Table of Contents
What Is Cache Poisoning?
It is a type of cyber-hack in which corrupted DNS data is inserted into the cache of client side DNS which is called DNS resolver. In DNS cache poisoning attack, attackers send fake responses to return different IP address. New IP address redirect user to the server which is in control by the attacker.
DNS cache poisoning attacks are used to spread Malware, man in the middle attack, and denial of service attack.
Cache Poisoning Attack
These attacks rely on vulnerabilities in DNS software. Attacker provides false data to the DNS server cache and when the user visits the attacked server they will be rerouted to the new IP address which is set by the attacker.

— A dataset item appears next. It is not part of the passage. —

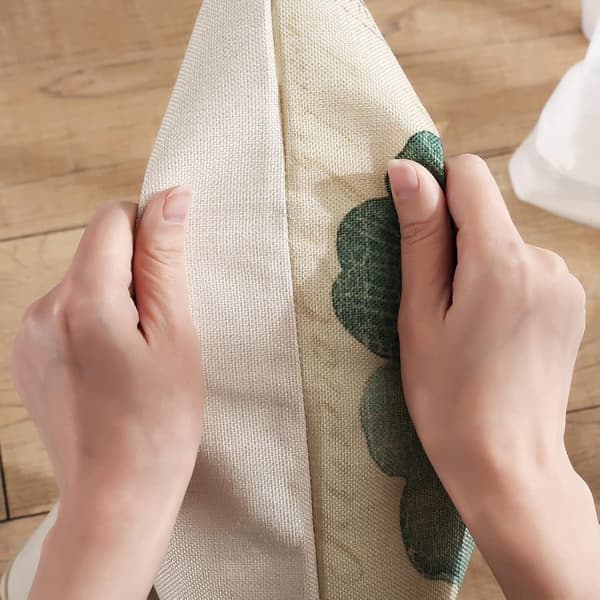 4-pack Kuddfodral 18 x 18, Dekorativ Blommig Linne Kuddfodral för Vardagsrum Sovrum Soffa Säng Kuddfodral Endast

And until the cache is cleared, users will be regularly redirected to the fake IP address.
DNS cache poisoning uses social engineering to trick victims into downloading malwares. The fake servers and websites that criminals use replacing genuine IP addresses are designed to look genuine but contain malware.
The problem in detecting cache poisoning attack is that the domain name looks as if it is real and it is very hard for a user to detect this attack. This results in user’s becoming victim of cache poisoning attack.
How To Prevent It?
There are many different measures that organization can take to prevent cache poisoning attack:
- Regularly update DNS servers and check that their security patches are up to date.
- The resolver should be prevented from external users.
- DNS Caches should be cleared on LAN and WAN.
- Important step in preventing attack is to install reliable firewall.
- Different servers should be used so that in case of attack, other servers will work properly.
- Configure your DNS server to limit repetitive queries.
- Store data related to requested domain.
- Restrict query responses to solely give info regarding the requested domain.
- DNS servers should be maintained to ensure that there are no extra services are running. With unwanted services running on the DNS server it will be more prone to attacks.
- There are different tools available to help defend against cache poisoning attacks.
The DNS cache poisoning attacks are one of the many attacks that cyber criminals use. They damage organization’s reputation and infrastructure. Users that use victim’s services are affected by these attacks. Necessary steps should be taken to prevent these types of attack. You can never be 100% sure that you are safe from these attacks, however, these steps will ensure enough safety that your system is quite secure than others.